Given records —
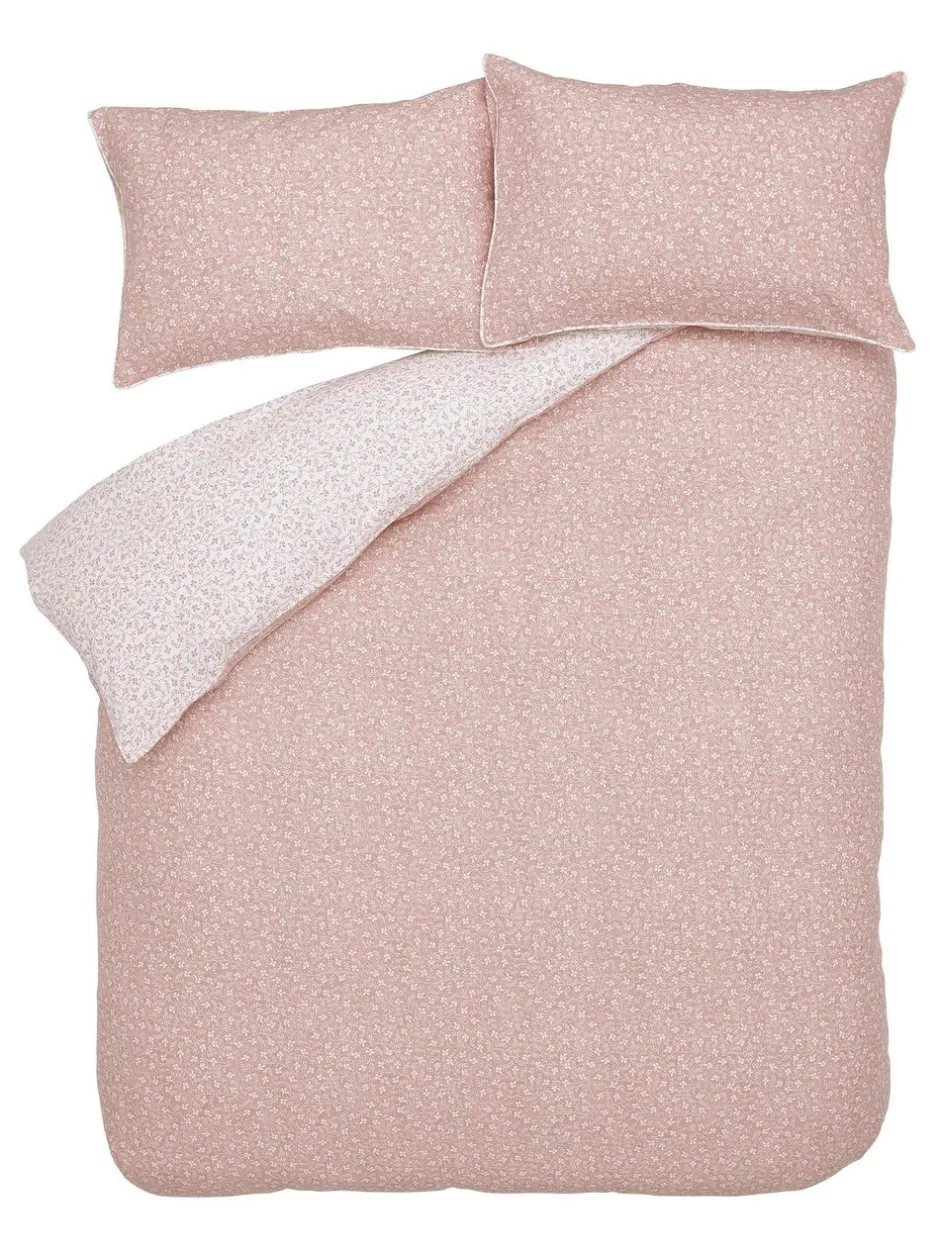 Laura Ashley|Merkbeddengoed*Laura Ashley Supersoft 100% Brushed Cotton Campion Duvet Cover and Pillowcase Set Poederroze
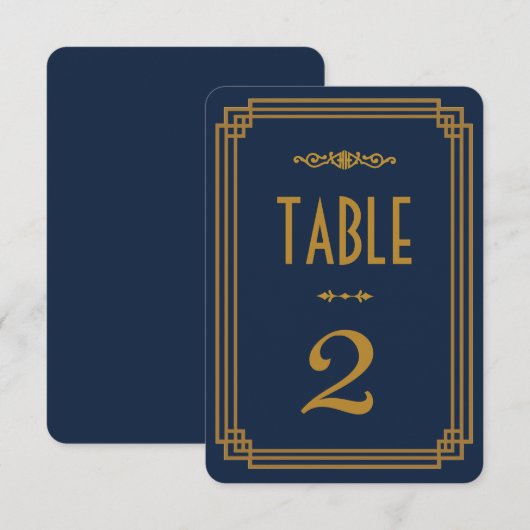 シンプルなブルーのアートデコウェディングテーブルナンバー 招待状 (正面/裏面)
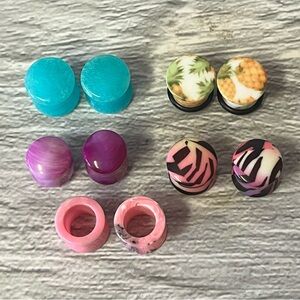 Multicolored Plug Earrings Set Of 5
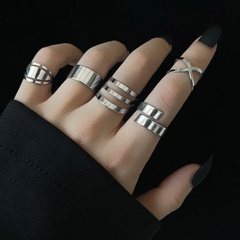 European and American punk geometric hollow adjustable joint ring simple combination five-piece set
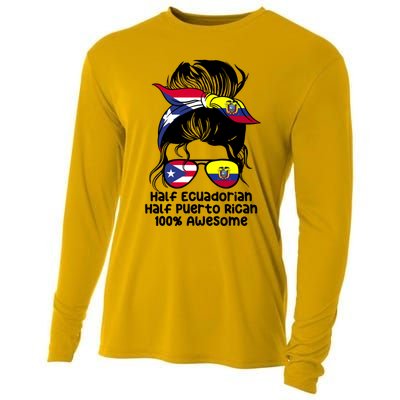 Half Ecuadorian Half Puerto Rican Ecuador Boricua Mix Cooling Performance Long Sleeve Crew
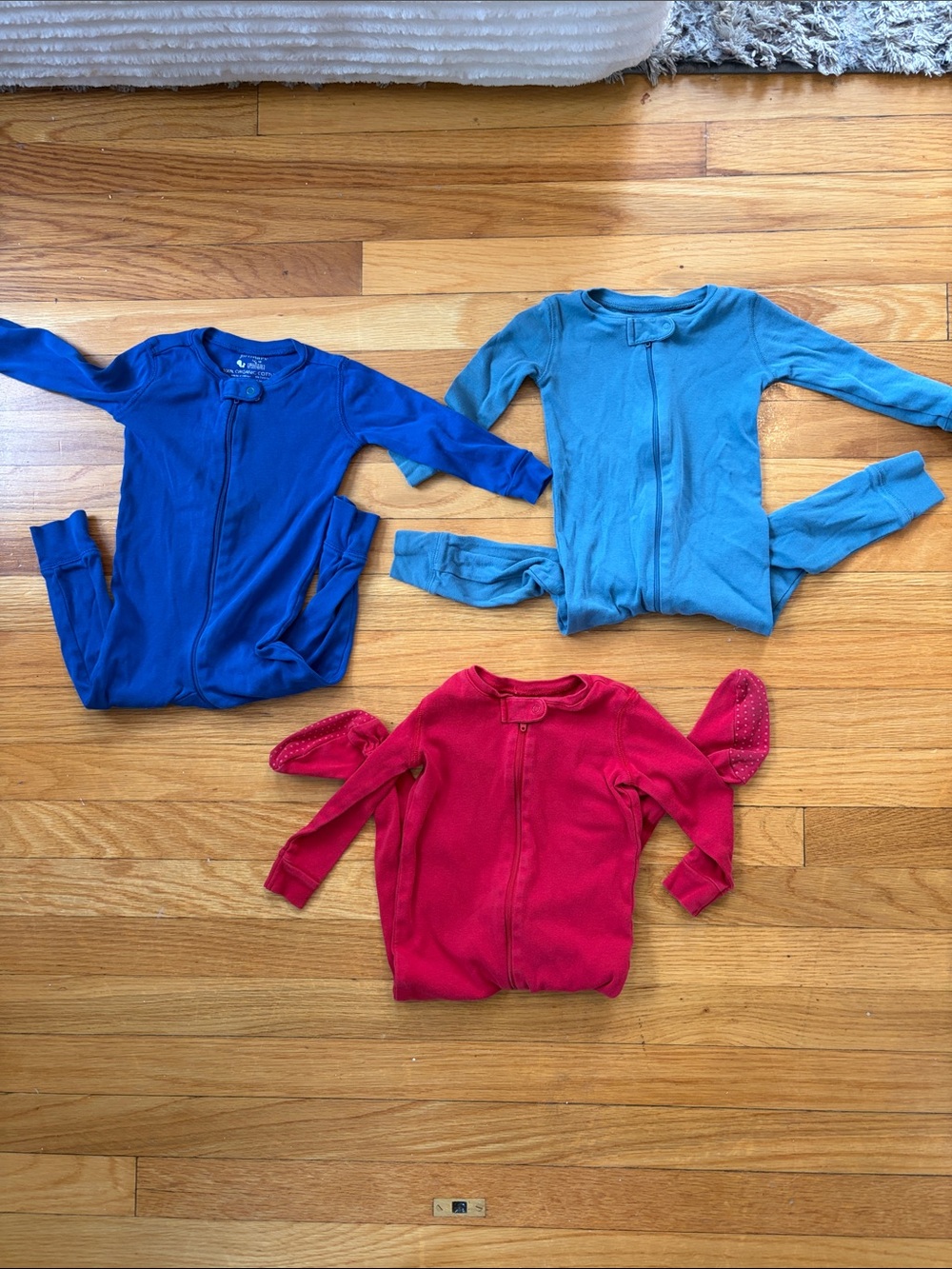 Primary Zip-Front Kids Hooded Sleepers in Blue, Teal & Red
...
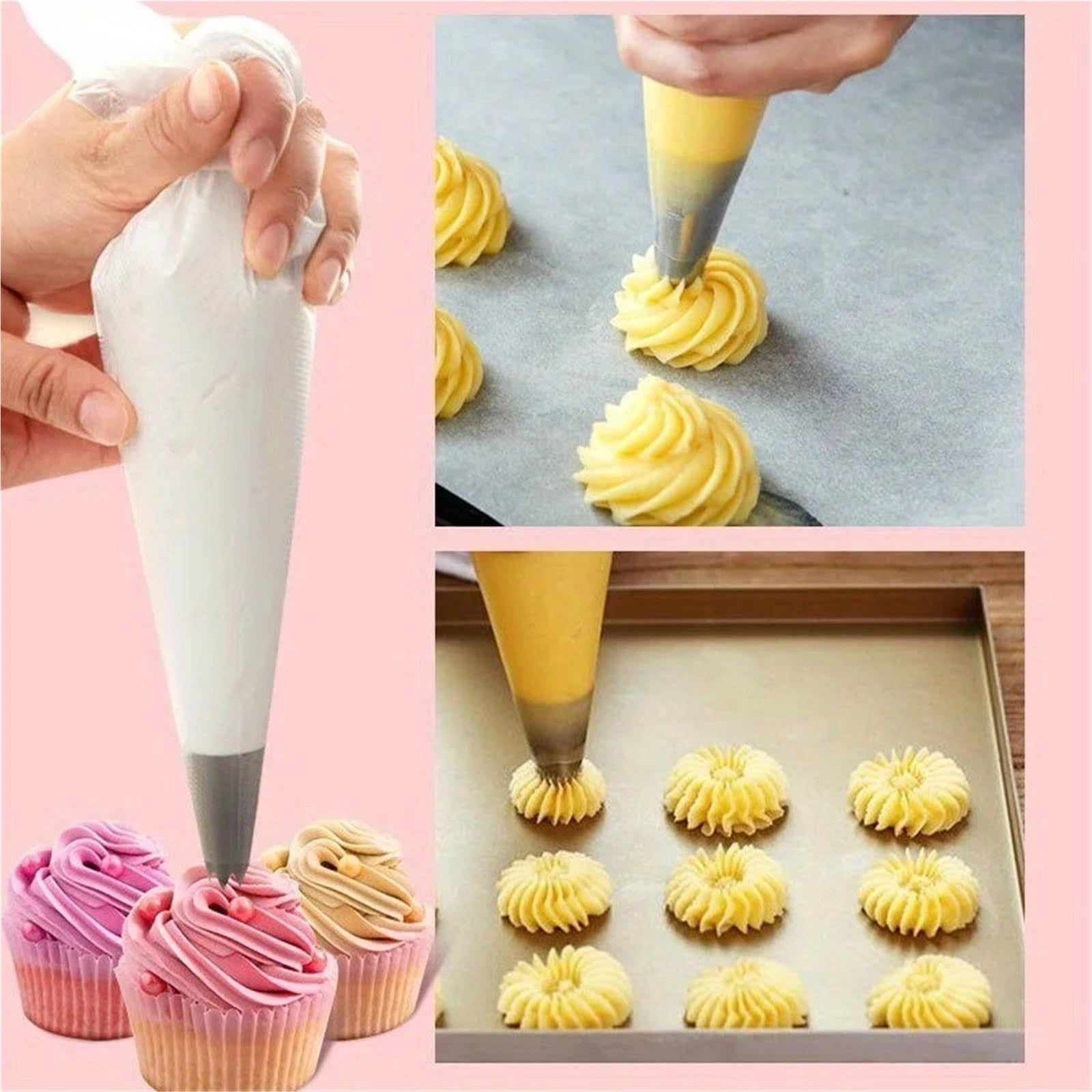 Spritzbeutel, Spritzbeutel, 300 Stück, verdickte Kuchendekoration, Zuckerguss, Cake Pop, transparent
--
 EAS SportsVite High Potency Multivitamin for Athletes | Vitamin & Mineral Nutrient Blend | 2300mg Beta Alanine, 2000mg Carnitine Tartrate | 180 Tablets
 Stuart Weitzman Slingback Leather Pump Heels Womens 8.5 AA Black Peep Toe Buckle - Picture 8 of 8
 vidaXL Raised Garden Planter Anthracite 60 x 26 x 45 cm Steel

Work task — Copy only these lines from the records above, exactly: the one with "Laura Ashley|Merkbeddengoed*Laura Ashley", the one with "European and American", and those between. Skip the pictures.

Solved exercise —
 Laura Ashley|Merkbeddengoed*Laura Ashley Supersoft 100% Brushed Cotton Campion Duvet Cover and Pillowcase Set Poederroze
 シンプルなブルーのアートデコウェディングテーブルナンバー 招待状 (正面/裏面)
 Multicolored Plug Earrings Set Of 5
 European and American punk geometric hollow adjustable joint ring simple combination five-piece set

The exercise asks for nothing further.